China’s steel market began to weaken in April and then slumped during the third quarter amid deepening concerns about a slowdown in economic growth, as well as a sharp turndown in the construction sector after the government moved to deflate a property bubble. The bear run appeared to be exacerbated by the concentration of price risk in China’s sprawling and fragmented network of intermediary steel traders.

A large portion of China’s steel distribution and supply chain is made up of small-scale businesses that place annual margins with steel mills and pay up to a month in advance for material. But their own customers, the end-users, mighty pay up to one or two months later and can even delay or cancel delivery when market prices are falling. Such a model creates two key problems, which were highlighted during the recent downturn, sources said.

First, it creates large demand for bank loans from the trading community. But when the government tightens official lines of credit, trade is fueled by unofficial lending, often linked to bundles of steel as collateral. This worked in a bull market, but when demand and prices slump and traders struggle to maintain cash flow, it fuels the downward spiral in spot steel prices.

Second, it means Chinese steelmakers don’t have enough information or incentive to quickly adjust production.

"Steelmakers, rather than traders or (distributors), should take the loss of market price drops so that they will be serious enough to adjust production in line with real demand and changes in the economic situation," a major trader in Tianjin told AMM sister publication Steel First.

As a result, Chinese sources say significant changes to the system must be made.

Chinese steelmakers will likely have to adopt practices by Japanese and South Korean peers, a distributor in Shanghai said. There, mills work more closely with a smaller group of select traders to regularly adjust and prepare production level and sales.

Some traders have already quit the market as they fail to weather the storms of the past 18 months, sources said.

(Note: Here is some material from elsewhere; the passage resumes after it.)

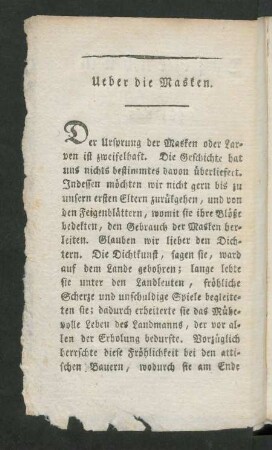 Ueber die Masken.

Those who remain are looking to push a new way of cooperation with steelmakers that sees the mills carry some risk, some said.

"Traders and (distributors) who survived this first round have already reduced their monthly contract volumes with steelmakers, beginning early this year," another distributor in Shanghai said.

They will book even less from steelmakers next year, sources said, forcing producers to set more reasonable or favorable policies for a smaller number of stronger traders.

In addition to rethinking their relationship with each other, traders and mills are also mulling more sophisticated ways of supplying steel to end-users. Traders are setting up more strategic logistics hubs and coil centers, and mills are establishing bigger sales networks of their own to bypass traders, sources said.

For example, Xinyu Iron & Steel Co. Ltd. has been in talks with traders in Shanghai and Guangdong province to set up cooperative ties on sales to downstream customers, sources said. Baosteel Group Corp., which has long sold products direct to customers, has also operated its own online steel sales service for many years. Likewise, Rizhao Steel Co. Ltd. has recruited 200 people to make direct sales to end-users and Hebei Jingye Steel Co. Ltd. is said to be more active in building a direct sales team.

This is closer to the European model in which large steelmakers have substantial distribution networks of their own, but might have its limitations for now.

"The volume through steelmaker’s own direct sales channels may not be large. It will be hard to exceed 10 percent of total sales volume," a sales manager at Jinxi Iron & Steel Co. Ltd. said, citing most buyers’ need for financing.